Gerçekten Hanköy camisinin öyküsü ilginçti. Öğle namazına bir saat kala camide imamla buluşmuştum. Kıbrıs savaşına katılmış bu genç imam oldukça anlayışlı davranmış, caminin içindeki yazıtı incelememe yardımcı olmuştu. Camide kadınlar için ayrılmış asma katın, kalın ardıç ağacından kirişinin altına destek direği konulmuş yuvarlak sunak tipinde bir mezar yazıtıydı. Yazıtın içeriğini anlamak olası değildi. Okunamıyordu. Cami yapılalıdanberi orada duruyor. Hatta kutsanmış taş; camiyi ziyarete gelenler ya da namazdan sonra derdine derman bulmak isteyenler tarafından el sürülmekten dokunmaktan aşınmış, yazı kaybolmuş. Seçilebilen harf özelliklerinden İ.S. 3.4 yüz yıllara tarihlenebilen bu yazıtın; çok tanrılı inanca sahip insanların mezar taşının cami içinde kutsanması hayli ilginçti. Anlaşılıyordu ki vaktiyle harf devrimine karşı çıkanlar, kırsal kesimin bu temiz insanları değildi. Bunlar 15-16 yüzyıl önceki Anadolu insanını yadsımıyor, bağrına basıyor ve birlikte yaşatıyorlardı.
Köy imanına yazıt hakkında bilgi verirken, yanımıza gelen Hanköylü yaşlı “Bu cami çevrenin en eski camisidir. Tam yediyüz yıllıktır begim. Caminin taşlarını kudretten gelen iki geyik taşımış. Allahın gönderdiği bu iki geyiği Hızır mı desem Ali mi desem, arabaya koşup bir gecede caminin bütün bu kesme taşları, yuvarlak direk taşlarını taşımışlar” dedi. Bir solukta bunları anlattıktan sonra, “hey begim hey!, şimdi din iman mı kaldı? Her şey o zamanlardaydı…” yargısını da vermeden edememişti.
Ben bunları düşünürken köyü çoktan geçmiş bulunuyorduk, İsmail Özkök bağırdı:
“Heyy şoför kardeş! İnecek var, indir bizi burada.”
Homurtuyla duran araba ağır bir toz bulutu kaldırdı. Adama teşekkür edip çıktık toz bulutundan.
“Bak abi dedi Özkök, şu sağdaki köye Aslanlı derler.

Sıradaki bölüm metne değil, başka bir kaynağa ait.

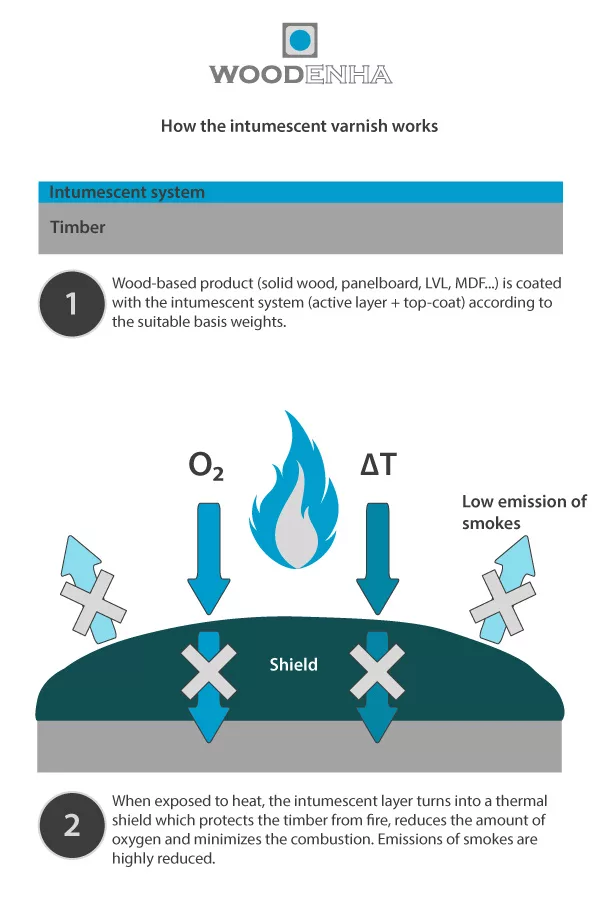 Schema intumescent fire retardant - Woodena Industries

Köy çeşmesinin yanındaki evin duvarında da bir yazılı taş vardı.”
“Aslanlı'dakini de biliyorum dedim, onun kağıtçıkartma kalıbını almıştım. Oraya değil, senin daha önce söylediğin N. Köyüne gidelim.”

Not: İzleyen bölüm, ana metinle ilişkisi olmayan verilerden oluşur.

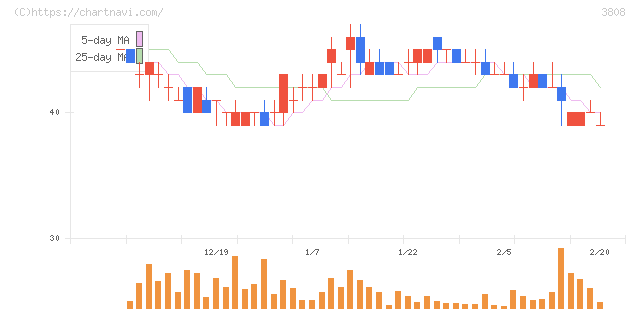 オーケーウェブ(3808)の日足チャート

“Tamam. N.köyüne şu küçük tepeyi aşınca ulaşacağız. Orada caminin bahçesinde bir yazılı taş var. Mayıs ayında inek almak için gitmiştim, o zaman gördüm. İyicene baktım. Üstü de yosunlanmış; harfler tek tük belli oluyor.
“Eh artık usta oldun bu işte; yazılı taş gördünmü, yunan harfleri mi yoksa Latin harfleri midir? Hemen tanıyorsun.”
“Tanımazsak ayıp olmaz mı yani? Dört yıldır seninle tanışıyor ve geziyoruz. Ama bu gezimiz hepsinden yorucu oldu değil mi?”
“Öyle ya, sen olmasaydın na yapardım? Bilim uğruna bilgi üretme uğruna, yayan yapıldak yollara düşmüşüz. Bulduğumuz ve bulacağımız yazıtları çözdüğümüzde, bu bölgenin eski çağ kültür tarihine yeni katkılarda bulunacak ve yeni bilgiler ekleyeceğiz. Hazırlamakta olduğum tez bu amaca yönelik; neyse kafanı karıştırmayayım.”
Omuzumdaki kot kumaşından yapılma, içi kitap, defter kağıt dolu askılı çantamı omuz değiştirdim. Özkök durdu.
“Bak ne diyeceğim, dedi. Şu aşağıdaki çalılar arasında yuvarlak bir taş var, ona baktıktan sonra köye çıkalım.”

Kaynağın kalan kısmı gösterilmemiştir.